三菱ケミカルHDの4次元経営
・三菱ケミカルホールディングス(HD)はKAITEKI(カイテキ)価値を追求している。世界の競合であるバスフ(BASF)はケミカル、デュポンはサイエンス、サノフィは個別化ヘルスケアを、それぞれテーマに揚げている。小林社長は、企業は資本効率を求めるだけでは不十分であるとして、新しい経営ビジョンを創り、そのビジネスモデルの確立に向けて邁進している。
・三菱ケミカルHDはグループ会社が統合し、7年前に今の形ができた。売上高3.2兆円、従業員5.4万人(うち海外に1.3万人)、2015年には海外売上比率を45%(現在37%)に上げようとしている。

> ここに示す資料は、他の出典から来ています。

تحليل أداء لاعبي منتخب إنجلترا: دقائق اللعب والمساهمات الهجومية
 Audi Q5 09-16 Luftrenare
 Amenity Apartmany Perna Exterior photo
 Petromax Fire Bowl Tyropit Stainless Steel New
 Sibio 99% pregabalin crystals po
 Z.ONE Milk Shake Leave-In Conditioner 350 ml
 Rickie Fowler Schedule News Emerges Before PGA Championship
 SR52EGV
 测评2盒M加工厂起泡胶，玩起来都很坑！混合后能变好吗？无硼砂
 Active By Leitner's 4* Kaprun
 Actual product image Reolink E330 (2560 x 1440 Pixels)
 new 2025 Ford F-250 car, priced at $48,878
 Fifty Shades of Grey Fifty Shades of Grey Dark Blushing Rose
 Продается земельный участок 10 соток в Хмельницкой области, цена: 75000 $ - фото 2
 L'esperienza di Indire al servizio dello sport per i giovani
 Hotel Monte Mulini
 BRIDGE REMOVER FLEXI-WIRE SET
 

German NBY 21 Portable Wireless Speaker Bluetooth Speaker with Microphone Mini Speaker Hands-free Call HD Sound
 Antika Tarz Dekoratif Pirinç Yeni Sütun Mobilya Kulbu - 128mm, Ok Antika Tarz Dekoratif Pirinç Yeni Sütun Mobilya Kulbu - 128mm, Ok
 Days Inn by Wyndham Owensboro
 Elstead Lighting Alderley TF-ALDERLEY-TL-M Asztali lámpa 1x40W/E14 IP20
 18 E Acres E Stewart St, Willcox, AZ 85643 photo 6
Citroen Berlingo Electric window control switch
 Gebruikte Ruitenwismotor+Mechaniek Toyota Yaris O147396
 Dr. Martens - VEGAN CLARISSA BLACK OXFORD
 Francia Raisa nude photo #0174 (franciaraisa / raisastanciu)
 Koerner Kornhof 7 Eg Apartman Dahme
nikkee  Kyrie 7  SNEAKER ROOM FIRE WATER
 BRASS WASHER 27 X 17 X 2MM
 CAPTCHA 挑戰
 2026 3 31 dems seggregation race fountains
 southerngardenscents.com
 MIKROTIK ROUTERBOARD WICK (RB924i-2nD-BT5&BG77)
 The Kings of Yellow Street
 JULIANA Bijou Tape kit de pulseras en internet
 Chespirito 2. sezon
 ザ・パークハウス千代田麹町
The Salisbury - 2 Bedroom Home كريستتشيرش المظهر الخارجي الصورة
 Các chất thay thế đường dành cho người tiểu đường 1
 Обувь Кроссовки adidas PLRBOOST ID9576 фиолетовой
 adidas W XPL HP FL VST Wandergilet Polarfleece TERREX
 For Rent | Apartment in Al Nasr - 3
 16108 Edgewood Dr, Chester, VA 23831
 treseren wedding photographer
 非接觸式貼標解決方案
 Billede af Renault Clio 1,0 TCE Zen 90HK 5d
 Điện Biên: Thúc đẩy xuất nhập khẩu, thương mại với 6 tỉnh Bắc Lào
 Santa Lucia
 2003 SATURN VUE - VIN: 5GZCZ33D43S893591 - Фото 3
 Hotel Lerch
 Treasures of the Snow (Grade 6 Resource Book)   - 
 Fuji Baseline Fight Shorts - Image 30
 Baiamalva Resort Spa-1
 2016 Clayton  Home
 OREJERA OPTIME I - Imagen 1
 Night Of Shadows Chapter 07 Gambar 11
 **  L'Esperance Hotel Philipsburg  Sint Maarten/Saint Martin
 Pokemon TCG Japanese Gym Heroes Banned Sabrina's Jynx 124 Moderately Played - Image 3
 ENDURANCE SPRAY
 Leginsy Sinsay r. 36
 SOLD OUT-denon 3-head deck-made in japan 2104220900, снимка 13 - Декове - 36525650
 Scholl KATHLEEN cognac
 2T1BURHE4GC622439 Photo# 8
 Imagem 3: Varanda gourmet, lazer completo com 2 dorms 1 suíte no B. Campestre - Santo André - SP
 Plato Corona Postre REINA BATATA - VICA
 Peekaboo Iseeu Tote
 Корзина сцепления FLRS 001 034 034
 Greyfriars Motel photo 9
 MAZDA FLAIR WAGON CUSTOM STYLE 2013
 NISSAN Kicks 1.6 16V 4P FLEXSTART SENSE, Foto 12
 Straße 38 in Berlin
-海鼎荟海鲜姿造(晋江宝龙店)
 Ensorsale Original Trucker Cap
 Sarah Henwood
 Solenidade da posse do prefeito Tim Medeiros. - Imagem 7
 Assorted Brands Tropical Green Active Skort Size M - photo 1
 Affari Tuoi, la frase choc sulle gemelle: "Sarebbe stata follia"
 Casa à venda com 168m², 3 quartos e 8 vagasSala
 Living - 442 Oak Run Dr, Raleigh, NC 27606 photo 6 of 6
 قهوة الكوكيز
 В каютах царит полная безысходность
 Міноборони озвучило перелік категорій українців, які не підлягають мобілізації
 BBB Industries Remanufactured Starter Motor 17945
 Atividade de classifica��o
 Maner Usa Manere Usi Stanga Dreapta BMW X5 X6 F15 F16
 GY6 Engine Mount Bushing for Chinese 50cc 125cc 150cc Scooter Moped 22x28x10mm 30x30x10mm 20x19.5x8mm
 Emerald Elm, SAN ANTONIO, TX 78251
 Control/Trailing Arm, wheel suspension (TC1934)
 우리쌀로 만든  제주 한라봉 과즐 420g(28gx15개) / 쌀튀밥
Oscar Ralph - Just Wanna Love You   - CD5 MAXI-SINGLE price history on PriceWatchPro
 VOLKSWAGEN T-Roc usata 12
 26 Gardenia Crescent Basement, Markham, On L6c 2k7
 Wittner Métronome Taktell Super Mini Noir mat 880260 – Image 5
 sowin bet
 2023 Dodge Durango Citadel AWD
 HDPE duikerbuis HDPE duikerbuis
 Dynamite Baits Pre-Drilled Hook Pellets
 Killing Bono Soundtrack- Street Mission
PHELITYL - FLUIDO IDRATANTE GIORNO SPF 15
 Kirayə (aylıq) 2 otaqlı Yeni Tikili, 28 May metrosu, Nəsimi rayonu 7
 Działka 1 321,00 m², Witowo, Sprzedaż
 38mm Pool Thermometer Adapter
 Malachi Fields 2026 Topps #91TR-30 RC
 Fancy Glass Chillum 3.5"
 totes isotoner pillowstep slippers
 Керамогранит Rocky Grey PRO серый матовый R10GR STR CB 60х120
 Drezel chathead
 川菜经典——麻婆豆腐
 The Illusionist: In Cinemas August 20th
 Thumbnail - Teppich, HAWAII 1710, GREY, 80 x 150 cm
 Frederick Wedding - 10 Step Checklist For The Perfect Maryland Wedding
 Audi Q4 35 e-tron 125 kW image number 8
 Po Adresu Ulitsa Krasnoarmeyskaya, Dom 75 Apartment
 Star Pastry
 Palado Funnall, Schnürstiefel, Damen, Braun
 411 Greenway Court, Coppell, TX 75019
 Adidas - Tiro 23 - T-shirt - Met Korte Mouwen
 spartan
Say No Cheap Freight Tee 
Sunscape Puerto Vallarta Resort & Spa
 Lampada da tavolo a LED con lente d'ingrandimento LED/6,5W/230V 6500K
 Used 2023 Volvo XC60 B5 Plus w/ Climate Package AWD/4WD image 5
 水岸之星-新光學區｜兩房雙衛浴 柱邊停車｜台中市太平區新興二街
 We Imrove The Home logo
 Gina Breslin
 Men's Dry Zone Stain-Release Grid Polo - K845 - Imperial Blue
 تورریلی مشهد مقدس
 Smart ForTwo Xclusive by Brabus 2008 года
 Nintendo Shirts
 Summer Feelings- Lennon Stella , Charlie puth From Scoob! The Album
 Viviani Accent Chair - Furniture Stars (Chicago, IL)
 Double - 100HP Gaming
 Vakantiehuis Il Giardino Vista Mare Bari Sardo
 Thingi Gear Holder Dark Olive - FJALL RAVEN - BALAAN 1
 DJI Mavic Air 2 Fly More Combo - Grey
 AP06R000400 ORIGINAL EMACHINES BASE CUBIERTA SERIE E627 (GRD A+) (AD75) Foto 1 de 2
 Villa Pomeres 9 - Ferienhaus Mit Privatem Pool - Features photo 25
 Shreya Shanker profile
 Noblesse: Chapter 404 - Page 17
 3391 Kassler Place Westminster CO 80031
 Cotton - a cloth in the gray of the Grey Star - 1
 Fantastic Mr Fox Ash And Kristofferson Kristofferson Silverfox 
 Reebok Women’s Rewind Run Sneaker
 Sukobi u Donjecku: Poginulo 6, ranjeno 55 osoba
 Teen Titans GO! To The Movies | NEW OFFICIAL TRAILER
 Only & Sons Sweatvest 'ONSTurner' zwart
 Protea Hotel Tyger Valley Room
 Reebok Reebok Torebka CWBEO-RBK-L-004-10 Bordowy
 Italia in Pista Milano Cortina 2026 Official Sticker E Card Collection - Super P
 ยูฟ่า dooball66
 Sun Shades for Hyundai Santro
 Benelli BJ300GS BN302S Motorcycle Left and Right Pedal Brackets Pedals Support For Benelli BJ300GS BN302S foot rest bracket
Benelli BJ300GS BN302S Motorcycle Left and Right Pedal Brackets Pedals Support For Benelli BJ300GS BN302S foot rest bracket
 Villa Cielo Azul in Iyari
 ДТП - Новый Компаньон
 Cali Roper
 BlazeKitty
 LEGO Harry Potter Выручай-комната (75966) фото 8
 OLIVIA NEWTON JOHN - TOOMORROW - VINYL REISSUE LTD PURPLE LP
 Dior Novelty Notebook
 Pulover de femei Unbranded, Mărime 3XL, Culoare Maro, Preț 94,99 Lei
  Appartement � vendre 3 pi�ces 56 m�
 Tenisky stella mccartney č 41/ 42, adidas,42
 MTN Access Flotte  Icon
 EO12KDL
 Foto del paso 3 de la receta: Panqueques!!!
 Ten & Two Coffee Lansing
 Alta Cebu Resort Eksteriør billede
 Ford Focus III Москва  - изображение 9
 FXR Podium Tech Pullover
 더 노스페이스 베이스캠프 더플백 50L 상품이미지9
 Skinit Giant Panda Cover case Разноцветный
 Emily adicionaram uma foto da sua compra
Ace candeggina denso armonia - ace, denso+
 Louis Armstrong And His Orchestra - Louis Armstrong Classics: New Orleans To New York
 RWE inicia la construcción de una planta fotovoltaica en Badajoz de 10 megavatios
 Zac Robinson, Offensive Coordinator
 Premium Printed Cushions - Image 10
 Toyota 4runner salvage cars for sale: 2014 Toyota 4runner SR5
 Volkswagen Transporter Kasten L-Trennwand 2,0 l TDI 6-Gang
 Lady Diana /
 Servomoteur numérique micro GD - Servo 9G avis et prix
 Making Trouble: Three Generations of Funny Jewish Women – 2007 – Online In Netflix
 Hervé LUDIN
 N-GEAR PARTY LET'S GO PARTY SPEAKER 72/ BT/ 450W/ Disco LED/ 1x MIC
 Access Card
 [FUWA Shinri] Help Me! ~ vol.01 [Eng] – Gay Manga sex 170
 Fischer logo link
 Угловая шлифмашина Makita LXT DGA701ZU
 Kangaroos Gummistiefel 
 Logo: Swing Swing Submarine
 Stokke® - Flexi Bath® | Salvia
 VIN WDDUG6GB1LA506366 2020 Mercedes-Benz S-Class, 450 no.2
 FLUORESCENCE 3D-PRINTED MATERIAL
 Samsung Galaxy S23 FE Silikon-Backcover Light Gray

・事業の盛衰サイクルは、(1)イノベーション、(2)イノベーション&差別化、(3)差別化、(4)再編、という流れで捉えられる。まず、何らかのイノベーション(技術革新)がなければ、事業は始まらない。次に、そのイノベーションを事業として差別化していく。その差別化が定着すれば収益基盤は確固たるものになる。それが持続するには、イノベーションの連鎖が求められる。もし差別化が通じなくなれば、事業の再編を余儀なくされる。
・その意味で、小林社長は、事業のイノベーションと差別化に力を入れている。その話を世界経営者会議(2012年10月)で聴いた。経営環境を見ると、グローバリゼーションとサステナビリティは不可避である。むしろ、積極的に対応していく必要があり、打つ手はイノベーションと差別化、そして空洞化対策であると強調した。
・グローバリゼーションでいえば、韓国とのコスト差は開いている。日本の人件費は韓国の3割高、電力費は3倍などコスト面では日本の方が厳しい。強い製品はグローバルで勝負し弱い物はやめる、ニッチなものは差別化でサバイバルを図る、という決断と実行が必要であると小林社長はいう。実際、例えばリチウムイオン電池の材料のうち、4つの部材で当社は独自の強みを有しているが、急速に追い上げられており、次の手を打っている。
・サステナビリティについて、これまで化石燃料である石油は100年くらいしかもたないと考えていたが、シェールガスの実用化で200~300年は使えるようになる。しかし、CO2の削減は課題であり、グリーンエネルギーは本来的なテーマであると強調する。
・これに対して、企業としてのソリューションはどのように見出していくか。ものづくりのモジュール化が進む中で、なかなか差別化が難しくなりつつある。かつて、スマイルカーブが注目され、部材とマーケティングで稼ぐと言われたが、それだけでは通用しない面も出ている。イノベーションのスピードアップが必須なので、他の機関とコラボするオープンイノベーション、他の組織と分業するOSB(Open Shared Business )を追求する考えだ。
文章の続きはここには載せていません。